- [TASK REQUIREMENTS] Only one portion of the data is to be written out: from the line bearing "Underground Disneyland, by" through the line bearing "Decorative Geometric Hourglass". Write it exactly as it appears.
>>>
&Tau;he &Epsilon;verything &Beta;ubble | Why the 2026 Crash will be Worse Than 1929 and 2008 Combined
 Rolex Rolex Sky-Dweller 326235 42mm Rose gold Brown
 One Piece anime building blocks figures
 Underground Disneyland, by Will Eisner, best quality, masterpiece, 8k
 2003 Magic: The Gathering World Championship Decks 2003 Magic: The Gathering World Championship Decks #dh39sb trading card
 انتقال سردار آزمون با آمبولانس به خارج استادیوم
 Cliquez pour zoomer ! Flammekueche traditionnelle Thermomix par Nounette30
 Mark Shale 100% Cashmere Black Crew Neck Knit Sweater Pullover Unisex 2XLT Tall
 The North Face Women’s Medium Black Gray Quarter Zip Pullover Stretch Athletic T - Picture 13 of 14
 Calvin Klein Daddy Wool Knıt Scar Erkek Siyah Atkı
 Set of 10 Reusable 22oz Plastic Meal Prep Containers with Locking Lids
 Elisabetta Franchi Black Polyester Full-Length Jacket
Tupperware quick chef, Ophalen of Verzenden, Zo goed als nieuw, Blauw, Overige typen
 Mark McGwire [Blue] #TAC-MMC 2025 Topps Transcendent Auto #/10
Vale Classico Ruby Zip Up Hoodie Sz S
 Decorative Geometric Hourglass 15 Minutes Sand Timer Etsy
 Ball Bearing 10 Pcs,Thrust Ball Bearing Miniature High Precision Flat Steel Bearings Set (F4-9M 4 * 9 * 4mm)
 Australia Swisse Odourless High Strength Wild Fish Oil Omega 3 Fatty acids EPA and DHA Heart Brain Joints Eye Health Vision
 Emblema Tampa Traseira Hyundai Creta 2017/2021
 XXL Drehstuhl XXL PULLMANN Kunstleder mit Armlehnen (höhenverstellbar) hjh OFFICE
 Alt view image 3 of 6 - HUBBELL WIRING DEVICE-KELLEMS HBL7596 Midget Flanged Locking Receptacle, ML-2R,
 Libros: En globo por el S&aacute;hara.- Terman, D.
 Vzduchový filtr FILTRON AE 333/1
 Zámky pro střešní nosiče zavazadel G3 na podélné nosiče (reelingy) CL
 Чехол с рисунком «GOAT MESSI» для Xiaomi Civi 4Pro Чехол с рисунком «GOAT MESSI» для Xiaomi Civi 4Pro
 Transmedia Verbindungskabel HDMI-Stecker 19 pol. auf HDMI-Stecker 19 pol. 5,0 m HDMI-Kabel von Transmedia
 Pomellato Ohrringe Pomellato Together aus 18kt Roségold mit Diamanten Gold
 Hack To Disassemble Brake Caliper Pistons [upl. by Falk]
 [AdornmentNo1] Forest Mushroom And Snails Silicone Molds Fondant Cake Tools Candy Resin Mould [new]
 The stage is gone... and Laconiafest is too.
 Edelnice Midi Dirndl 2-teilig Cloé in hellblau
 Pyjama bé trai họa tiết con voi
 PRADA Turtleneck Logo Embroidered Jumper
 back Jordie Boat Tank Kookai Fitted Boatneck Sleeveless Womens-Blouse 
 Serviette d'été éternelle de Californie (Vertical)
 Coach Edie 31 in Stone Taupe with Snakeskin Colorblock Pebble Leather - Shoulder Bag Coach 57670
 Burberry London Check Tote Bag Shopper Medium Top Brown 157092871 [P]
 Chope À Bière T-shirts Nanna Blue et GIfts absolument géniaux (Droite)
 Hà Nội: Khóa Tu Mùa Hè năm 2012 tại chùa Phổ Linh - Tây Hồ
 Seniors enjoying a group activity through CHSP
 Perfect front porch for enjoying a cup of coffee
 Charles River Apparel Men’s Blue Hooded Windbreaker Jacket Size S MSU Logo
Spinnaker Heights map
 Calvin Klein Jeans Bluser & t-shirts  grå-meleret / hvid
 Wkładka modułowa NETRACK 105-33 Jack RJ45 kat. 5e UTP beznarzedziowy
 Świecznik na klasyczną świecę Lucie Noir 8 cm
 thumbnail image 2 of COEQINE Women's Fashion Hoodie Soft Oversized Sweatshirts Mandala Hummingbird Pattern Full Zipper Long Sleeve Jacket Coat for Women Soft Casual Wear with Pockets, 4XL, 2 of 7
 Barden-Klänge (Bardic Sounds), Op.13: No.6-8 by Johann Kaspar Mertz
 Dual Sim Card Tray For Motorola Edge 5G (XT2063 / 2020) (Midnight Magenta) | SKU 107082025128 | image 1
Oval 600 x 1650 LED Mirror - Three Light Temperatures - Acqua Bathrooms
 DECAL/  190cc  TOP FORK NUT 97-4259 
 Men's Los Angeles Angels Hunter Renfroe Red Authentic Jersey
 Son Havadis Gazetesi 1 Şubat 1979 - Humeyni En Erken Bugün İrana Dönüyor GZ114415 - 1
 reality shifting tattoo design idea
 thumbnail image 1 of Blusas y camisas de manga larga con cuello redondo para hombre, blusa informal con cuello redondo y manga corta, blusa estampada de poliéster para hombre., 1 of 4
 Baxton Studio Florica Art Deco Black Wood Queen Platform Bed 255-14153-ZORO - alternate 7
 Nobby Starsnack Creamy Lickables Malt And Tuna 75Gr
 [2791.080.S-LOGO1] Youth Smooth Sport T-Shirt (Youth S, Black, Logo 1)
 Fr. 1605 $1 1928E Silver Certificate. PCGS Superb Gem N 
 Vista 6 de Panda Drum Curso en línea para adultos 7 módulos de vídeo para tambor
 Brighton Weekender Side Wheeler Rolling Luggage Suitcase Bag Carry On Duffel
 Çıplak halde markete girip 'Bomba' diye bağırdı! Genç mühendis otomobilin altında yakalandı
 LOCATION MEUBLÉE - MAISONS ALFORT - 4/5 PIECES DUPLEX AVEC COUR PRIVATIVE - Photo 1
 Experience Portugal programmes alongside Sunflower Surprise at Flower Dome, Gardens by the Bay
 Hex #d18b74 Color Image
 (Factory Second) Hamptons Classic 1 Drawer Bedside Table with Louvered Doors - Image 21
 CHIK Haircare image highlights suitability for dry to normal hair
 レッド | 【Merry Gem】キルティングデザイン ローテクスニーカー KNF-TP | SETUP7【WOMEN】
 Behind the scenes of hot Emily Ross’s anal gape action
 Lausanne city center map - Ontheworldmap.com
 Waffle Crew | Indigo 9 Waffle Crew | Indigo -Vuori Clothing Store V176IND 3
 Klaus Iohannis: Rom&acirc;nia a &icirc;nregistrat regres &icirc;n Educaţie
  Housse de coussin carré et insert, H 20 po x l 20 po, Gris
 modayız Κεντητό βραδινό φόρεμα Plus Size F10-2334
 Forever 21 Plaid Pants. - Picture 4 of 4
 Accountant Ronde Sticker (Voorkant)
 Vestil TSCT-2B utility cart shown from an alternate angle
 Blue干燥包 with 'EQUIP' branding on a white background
<<<
- [RESULT OF THIS TASK]
 Underground Disneyland, by Will Eisner, best quality, masterpiece, 8k
 2003 Magic: The Gathering World Championship Decks 2003 Magic: The Gathering World Championship Decks #dh39sb trading card
 انتقال سردار آزمون با آمبولانس به خارج استادیوم
 Cliquez pour zoomer ! Flammekueche traditionnelle Thermomix par Nounette30
 Mark Shale 100% Cashmere Black Crew Neck Knit Sweater Pullover Unisex 2XLT Tall
 The North Face Women’s Medium Black Gray Quarter Zip Pullover Stretch Athletic T - Picture 13 of 14
 Calvin Klein Daddy Wool Knıt Scar Erkek Siyah Atkı
 Set of 10 Reusable 22oz Plastic Meal Prep Containers with Locking Lids
 Elisabetta Franchi Black Polyester Full-Length Jacket
Tupperware quick chef, Ophalen of Verzenden, Zo goed als nieuw, Blauw, Overige typen
 Mark McGwire [Blue] #TAC-MMC 2025 Topps Transcendent Auto #/10
Vale Classico Ruby Zip Up Hoodie Sz S
 Decorative Geometric Hourglass 15 Minutes Sand Timer Etsy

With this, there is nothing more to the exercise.